In what follows $R^m$ denotes the $m$-dimensional euclidean space with the Lebesgue measure.
Do the following recipes give us different measures?
A. the pushforward of $R^2 \to C$
B. area in the complex plane
C. induced by $dz\wedge d\bar z$
Main question: What about in higher dimension? How different are
1. the pushforward of $R^{2n} \to C^n$
2. the product measure using A, B, or C above
3. a Haar measure
Is there some other measure in $C^n$ that most people call "usual"?
Thanks in advance for explanations!
Comments.
Feel free to edit the question. (For instance I don't know how to describe B analytically).
I'm an undergraduate student starting in measure theory.
$\def\R{\mathbb R}$ For (C), note that $i/2(dz \wedge d\bar z) = dx \wedge dy$, and this is the normalization that we want. So I will just replace (C) with integration against the 2-form $dx \wedge dy$. After that, the distinction between $\R^{2n}$ and $\mathbb C^n$ pretty much disappears from the discussion.

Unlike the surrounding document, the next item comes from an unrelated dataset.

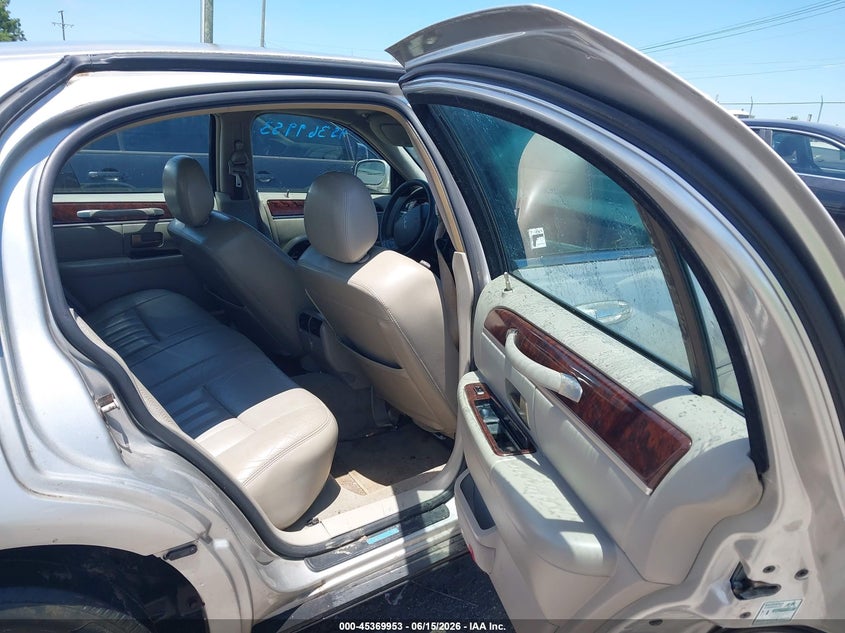 2007 Lincoln TOWN CAR VIN 1LNHM81V97Y629103 IAAI salvage auction — NORMAL WEAR, Clear (Tennessee), sold $525 on 2026-07-09 (photo 8)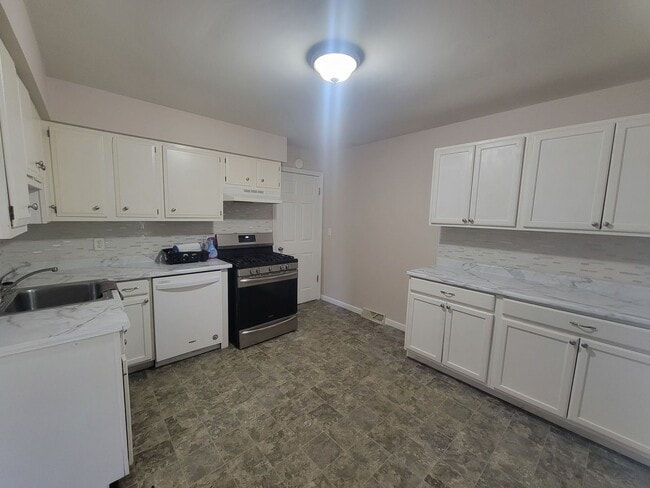 Photo - 3 +bedrooms /2 bath + Attached 2-car Garage Home -Available Now in Peoria!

So for (A), (B), (C), you want to compare (A) "Lebesgue measure" on $\R^2$, (B) "area measure on $\R^2$" and (C) "$dx \wedge dy$" on $\R^2$. The only two things you could possibly mean by (B) is either (A) or (C), so we are left to compare (A) and (C). I think you might read about (A) and (C) in different places with different starting points, so what is a conclusion in one place might be a definition in another. However one does it, the following things end up being the same: translation invariant Borel measure $\mu$ on $\R^2$, satisfying $\mu(K) < \infty$ for $K$ compact, and normalized so that $\mu([0,1] \times [0,1]) = 1$; product measure on $\R^2$ based on Lebesgue measure on $\R$; and the measure associated with the 2-form $dx \wedge dy$.
For (1), (2), (3), let's say we agree that "Lebesgue measure" on $\R^{2n}$ is the $2n$-fold product measure starting with Lebesgue measure on $\R$. It is shown, in Rudin, Real and Complex Analysis, for example, that Lebesgue measure is the unique translation invariant Borel measure which is finite on compact sets and normalized so that the unit hypercube has measure 1. So (1) and (3) agree.
So you are only left to compare two product measure constructions: $2n$-fold product measure starting with Lebesgue measure on $\R$ and $n$-fold product measure starting with Lebesgue measure on $\R^2$, which is itself $2$-fold product measure starting with Lebesgue measure on $\R$. There is no way in the world that these could end up being different, so just muscle through the details one way or another, or more elegantly perhaps, mimic whatever argument Rudin used to show $n$-fold product measure starting with Lebesgue measure on $\R$ ends up being translation invariant.